Rice is the major staple food crop for Asians and supplies 50 to 80% of their daily caloric intake. However, rice is low in essential micronutrients such as iron, zinc or vitamin A in its polished form. IRRI has been developing healthier rice varieties that contain more iron, zinc, and beta carotene (a source of vitamin A) to help reduce hidden hunger.
Russel Reinke, a rice breeder who focuses on developing rice varieties with high zinc and beta carotene, delivered a seminar Development of micronutrient-enriched rice for Asia at the University of Illinois Urbana-Champaign (UIUC). He discussed a potential solution to fighting hidden hunger with the introduction of Golden Rice and high-zinc rice.
“Micronutrient deficiencies affect more than 3 billion people globally, causing nutritional health problems such as severe stunting, growth retardation, diarrhea, and impaired immune systems,” said Dr. Reinke. “Breeding rice varieties with high grain micronutrients is one of the sustainable, targeted, food-based and cost-effective approaches in ameliorating these micronutrient deficiencies.”
“Biofortification of rice using conventional breeding methods is being under taken at IRR with the objective of supplying increased zinc to the poor and malnourished people in Bangladesh, India, Indonesia, and the Philippines,” he explained. “The development of Golden Rice requires a transgenic approach as there is no variation for beta-carotene in rice grains.”

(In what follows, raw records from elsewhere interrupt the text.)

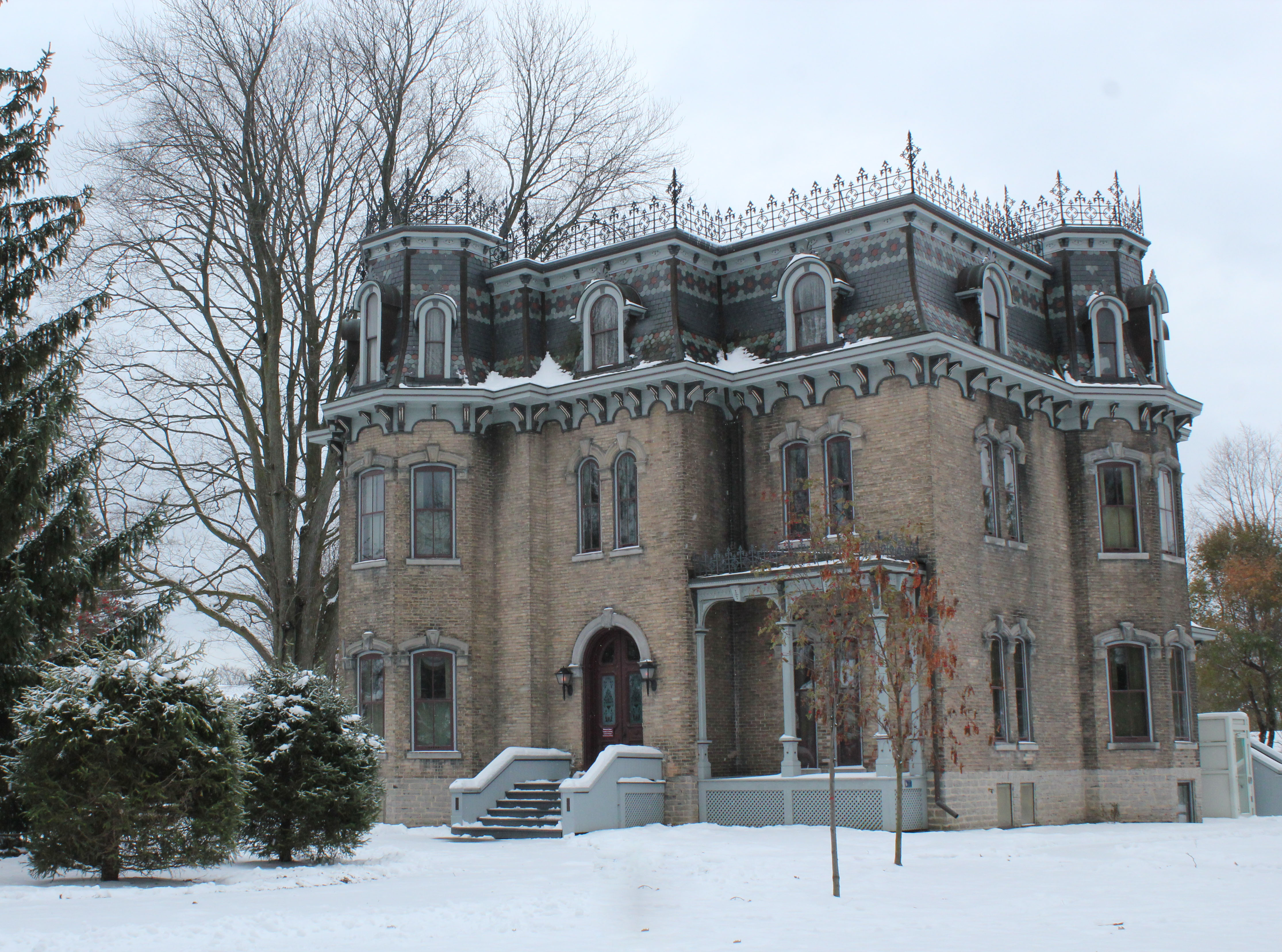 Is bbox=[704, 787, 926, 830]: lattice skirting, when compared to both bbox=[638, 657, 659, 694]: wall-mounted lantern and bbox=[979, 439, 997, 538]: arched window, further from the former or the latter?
bbox=[979, 439, 997, 538]: arched window

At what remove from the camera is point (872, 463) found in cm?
2391

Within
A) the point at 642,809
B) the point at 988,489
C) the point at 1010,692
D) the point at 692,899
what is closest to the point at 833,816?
the point at 692,899

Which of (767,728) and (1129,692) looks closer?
(767,728)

Graduate fellows under the Lee Foundation Rice Scholarships had the privilege to attend Dr. Reinke’s seminar. In his visit, Dr, Reinke met with his supervisee Nirmal Sharma (Bangladesh) and his colleagues Pradeepa Hirannaiah (India), Lenie Quiatchon-Baeza (Philippines), Hung Bui (Vietnam), Parthiban Thathapalli Prakash (India) and Sampurna Saikia (India). He also had a meeting with UIUC’s Assistant Professor Erik Sacks who co-supervises Mr. Sharma’s PhD research project in Crop Science.